Juices:Most juice recipes in this book contain both fruits and vegetables. The juice recipes call for fresh ingredients only and do not contain any added powders or sweeteners. An example is Recovery Greens, where the recipe calls for kale, Swiss chard, celery, and lemon.
III. The CleanseThis section begins with an introduction about cleansing — what it is and why we should do it. A 5-day plan is provided with six drink suggestions for each day.
IV. Becoming Strong and + RadiantThe last section of the book covers the keys to a holistic lifestyle and focuses on the steps you can take to achieve that healthy glow. Summer Sanders provides helpful mantras to keep you centered, recommends that you take time to nurture your passions, and has a short discussion about why activities like yoga and running are designed to keep you moving and healthy.
The Appendices include information on Soaking, Sprouting, Making Flours, and Favorite Reading & Resources. Raw and Radiant finishes with an index of recipes and metric conversion charts.
Raw and Radiant by Summer Sanders is currently only available in English. You can order it through Skyhorse Publishing and Amazon.
Book review by Dr. med. vet. Inke Weissenborn
Spirulina Sesame Bars with Bananas and Shredded Coconut are a high-protein snack that is rich in calcium and selenium and perfect for before or after a workout.
Vanilla extract: Vanilla extract is usually an artificial ingredient that contains the flavor compound vanillin as the primary ingredient. It is commonly used in the United States, whereas ground vanilla and vanilla sugar are more popular in Europe. Pure vanilla extract is made by soaking vanilla bean pods in a solution of water and about 35 % ethyl alcohol. Since vanilla bean pods are blanched at a high temperature after harvest in order to stop the ripening process, commercially available pods are not raw. Furthermore, vanilla bean pods sold in stores are usually “fermented” vanilla since the precursors to vanillin are converted into the aromatic vanillin through the drying and fermentation processes.
Bananas: Bananas provide a balanced combination of carbohydrates but do not contain the fats that are important for your nerves and brain. However, these fats are found in the sesame seeds called for in this recipe.
Sesame seeds: Sesame seeds are originally from South Asia, where they have been used for about 5,000 years. The gluten-free seeds of this pseudograin contain 50 % fat — 44 % of which are polyunsaturated fatty acids — and only 18–25 % protein. Sesame seeds are one of the foods richest in selenium and also contain a considerable amount of calcium. Those who are sensitive to sesame need to be careful, as it is a strong allergen.

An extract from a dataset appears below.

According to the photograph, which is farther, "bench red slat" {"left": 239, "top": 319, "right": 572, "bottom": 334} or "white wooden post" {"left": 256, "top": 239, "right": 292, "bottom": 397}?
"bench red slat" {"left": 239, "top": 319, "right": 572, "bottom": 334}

Spirulina: Spirulina is a species of cyanobacteria that is used as a dietary supplement. It is cultivated worldwide in factories and open ponds and then spray-dried at hot temperatures of at least 135 °C (275 °F) in order to produce powder and tablets. As a result, spirulina is not raw. It can also come into contact with toxins during the cultivation process. Since spirulina is classified as a dietary supplement in the United States, its production is not regulated across the industry and no safety standards exist to ensure its purity. Although some people claim otherwise, spirulina supplements are not considered to be a reliable source of vitamin B12. Spirulina predominantly contains pseudovitamin B12, a biologically inactive form of the vitamin that even blocks the natural receptors in humans.
Summer Sanders: I love these bars as a pre- or post-gym snack!
Vanilla: The best variety of vanilla available is dried natural vanilla bean pods. However, you will need 1–2 bean pods or rather the vanilla pulp found inside in order to replace the intense, concentrated flavor of vanilla extract.